The Indemnified Party will not confess any Claim or make any compromise in any
case in which the Indemnifying Party will be asked to provide indemnification,
except with the Indemnifying Party's prior written consent. The obligations of
the parties hereto under this Section 6 shall survive the termination of this
Agreement.
(d) Except for remedies which cannot be waived as a matter of law (and
injunctive or provisional relief), the provisions of this Article 6 shall be the
Indemnified Party's sole and exclusive remedy for claims or other actions or
proceedings to which the Indemnifying Party's indemnification obligations
pursuant to this Article 6 apply.
(e) In the event that the Indemnifying Party does not elect to assume
the defense of any such suit or in the case the Indemnified Party reasonably
does not approve of counsel chosen by the Indemnifying Party, or in the case
there is a conflict of interest between the Company and AAFSI, the Indemnifying
Party will reimburse the Indemnified Party, its officers, trustees, directors
and employees, or the controlling person or persons named as defendant or
defendants in such suit, for the reasonable fees and expenses of any counsel
retained by the Indemnified Party or such defendant(s). The Indemnifying Party's
indemnification agreement contained in this Section 6 and the Indemnifying
Party's representations and warranties contained in this Agreement shall remain
operative and in full force and effect regardless of any investigation made by
or on behalf of the Indemnified Party, its officers, directors, trustees or
employees, or any controlling person(s). This agreement of indemnity will inure
exclusively to the Indemnified Party's benefit, to the benefit of its several
officers, directors, trustees and employees, and their respective estates and to
the benefit of the controlling person(s) and their successors. The Indemnifying
Party agrees promptly to notify the Indemnified Party of the commencement of any
litigation or proceedings against the Indemnifying Party or any of its officers,
directors, trustees or employees in connection with the services rendered
hereunder.
7. EXCLUSION OF WARRANTIES. THIS IS A SERVICE AGREEMENT. EXCEPT AS
EXPRESSLY PROVIDED IN THIS AGREEMENT, AAFSI DISCLAIMS ALL OTHER REPRESENTATIONS
OR WARRANTIES, EXPRESS OR IMPLIED, MADE TO THE FUND OR ANY OTHER PERSON,
INCLUDING, WITHOUT LIMITATION, ANY WARRANTIES REGARDING QUALITY, SUITABILITY,
MERCHANTABILITY, FITNESS FOR A PARTICULAR PURPOSE OR OTHERWISE (IRRESPECTIVE OF
ANY COURSE OF DEALING, CUSTOM OR USAGE OF TRADE) OF ANY SERVICES OR ANY GOODS
PROVIDED INCIDENTAL TO SERVICES PROVIDED UNDER THIS AGREEMENT. AAFSI DISCLAIMS
ANY WARRANTY OF TITLE OR NON-INFRINGEMENT EXCEPT AS OTHERWISE SET FORTH IN THIS
AGREEMENT.
-6-
8. Term and Termination of Agreement.
(a) This Agreement shall be effective on the date first written above
and shall continue for a period of three (3) years (the "Initial Term"), unless
earlier terminated pursuant to the terms of this Agreement. Thereafter, this
Agreement shall automatically be renewed for successive terms of three (3) years
("Renewal Terms") each.
(b) Either party may terminate this Agreement at the end of the
Initial Term or at the end of any subsequent Renewal Term upon not than less
than ninety (90) days prior written notice to the other party. This Agreement
may be terminated by mutual written agreement of the parties.
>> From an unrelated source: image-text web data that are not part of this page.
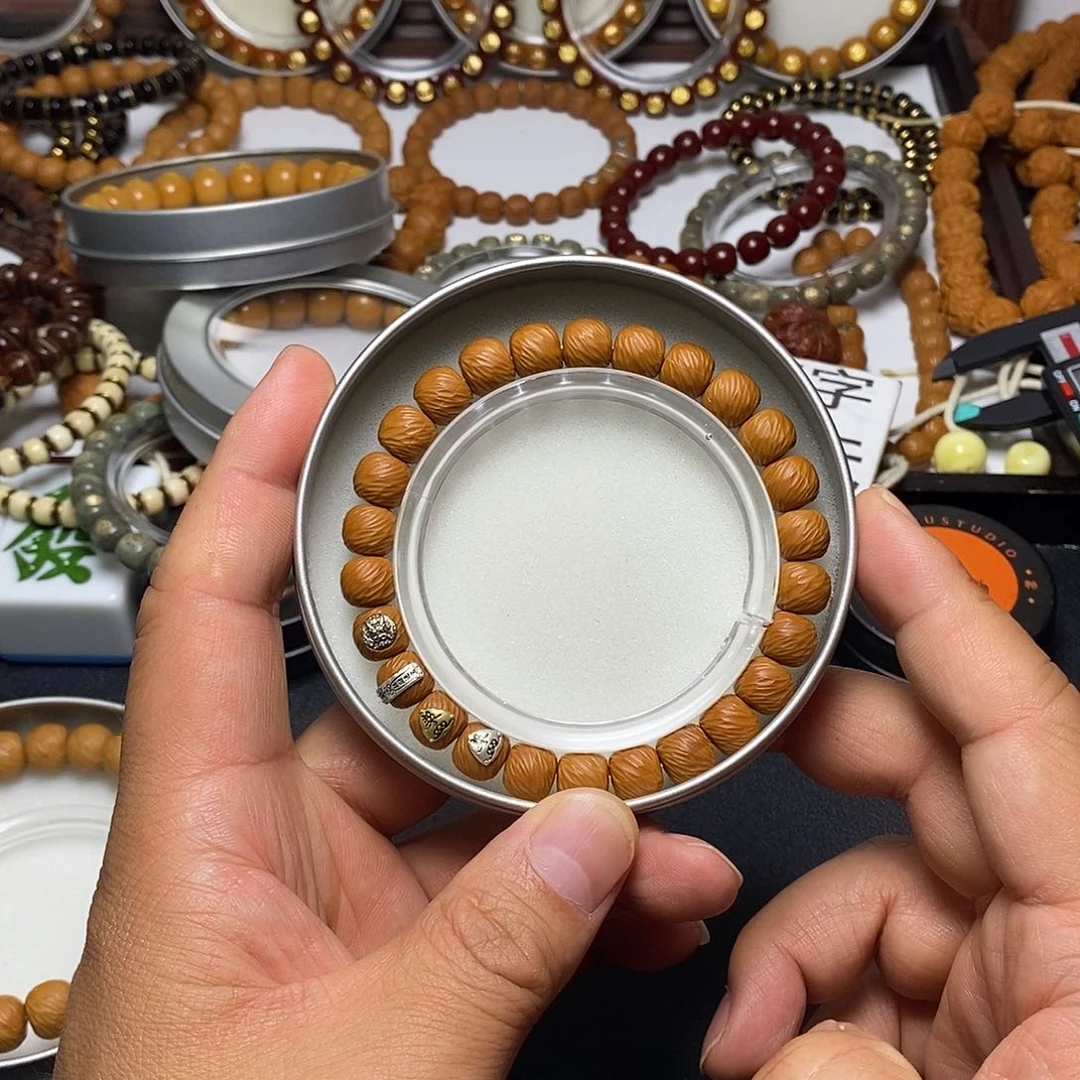 猴头核桃手串全品9左右四标云锦26号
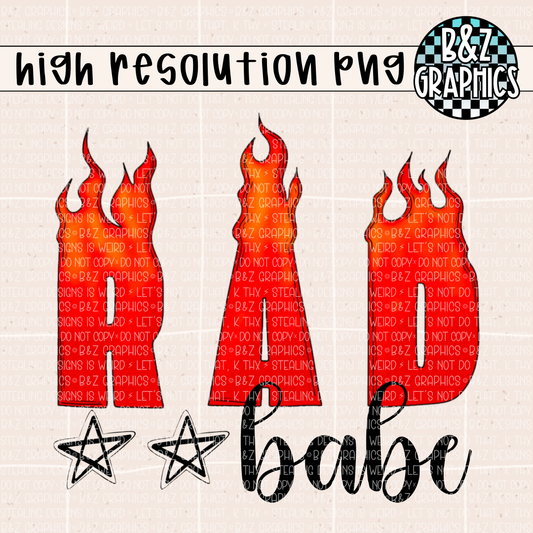Rad Babe PNG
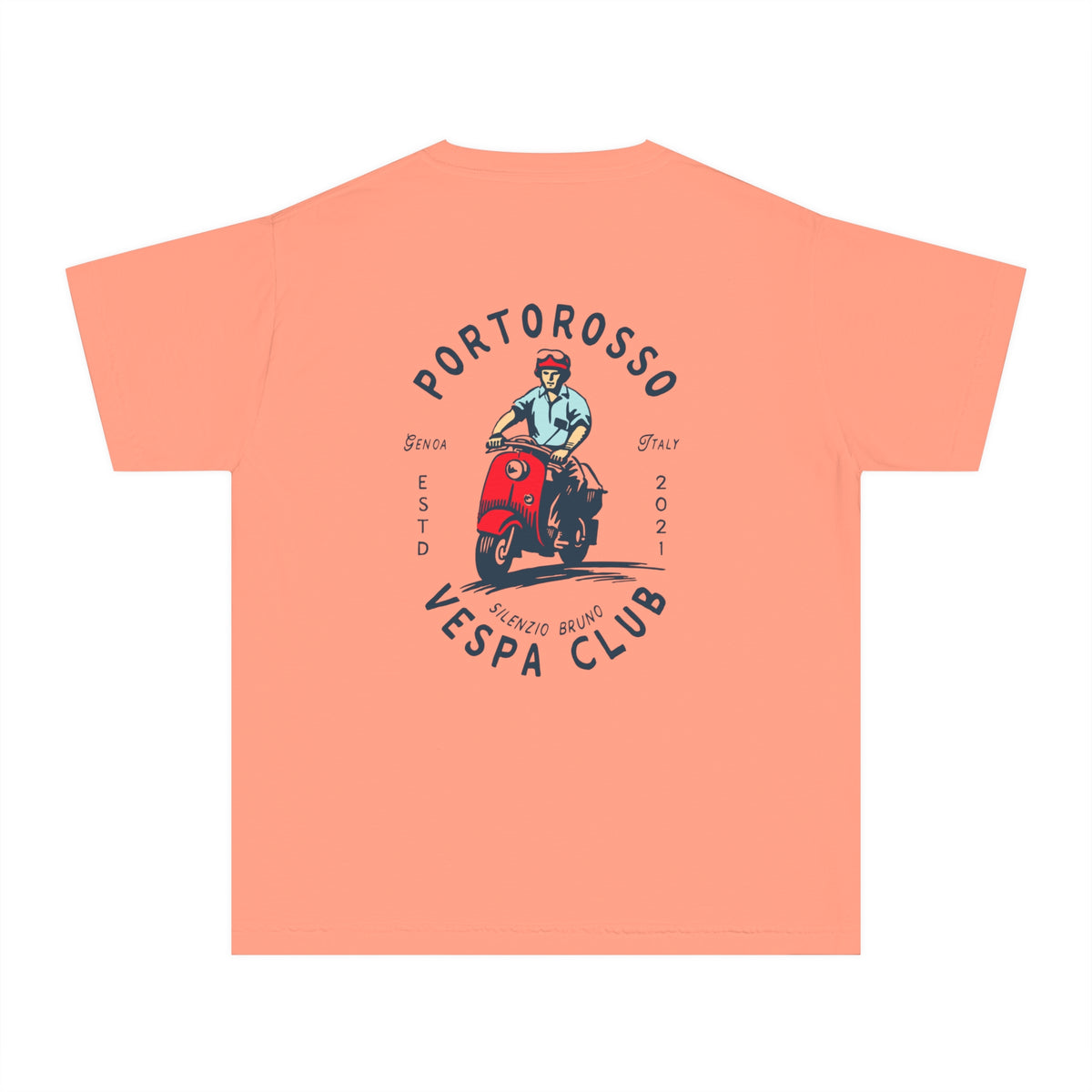 Portorosso Vespa Club Comfort Colors Youth Midweight Tee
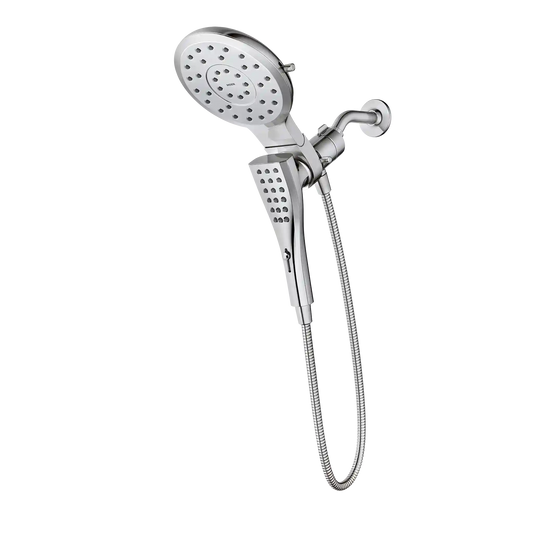 Verso Round Eight-Function Eco-Performance 7" Diameter Spray Head with Handshower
(c) In the event a termination notice is given by the Company, all
reasonable expenses associated with movement of records and materials and
conversion thereof will be borne by the Company, provided, however, that AAFSI
shall use its best efforts to mitigate the costs associated with such
conversion.
(d) If a party hereto is guilty of a material failure to perform its
duties and obligations hereunder (a "Defaulting Party") resulting in a material
loss to the other party, such other party (the "Non-Defaulting Party") may give
written notice thereof to the Defaulting Party, and if such material breach
shall not have been remedied within thirty (30) days after such written notice
is given or such material breach is incapable of being remedied, as reasonably
determined by the Non-Defaulting Party, then the Non-Defaulting Party may
terminate this Agreement by giving thirty (30) days written notice of such
termination to the Defaulting Party. If AAFSI is the Non-Defaulting Party, its
termination of this Agreement shall not constitute a waiver of any other rights
or remedies of AAFSI with respect to services performed prior to such
termination or rights of AAFSI to be reimbursed for out-of-pocket expenses. In
all cases, termination by the Non-Defaulting Party shall not constitute a waiver
by the Non-Defaulting Party of any other rights it might have under this
Agreement or otherwise against the Defaulting Party.
(e) Notwithstanding anything contained in this Agreement to the
contrary, in the event that this Agreement is terminated by the Company and such
termination arises, either directly or indirectly as a result of the Company's
dissolution or the Company's acquisition of or consolidation or merger into or
with a mutual fund (the "New Company") for which AAFSI does not provide services
substantially similar to those provided to the Company hereunder, prior to the
effective date of such termination and the conversion of the Company's records
to the New Fund, or its agent, the Company shall pay to AAFSI the fee set forth
in Schedule B (the "Early Termination Fee").
(f) This Agreement may be terminated by the Company without penalty in
the event of its assignment, as such term is defined in the 1940 Act, by AAFSI
provided that 45 days prior written notice of termination must be given to AAFSI
within 120 days following the assignment.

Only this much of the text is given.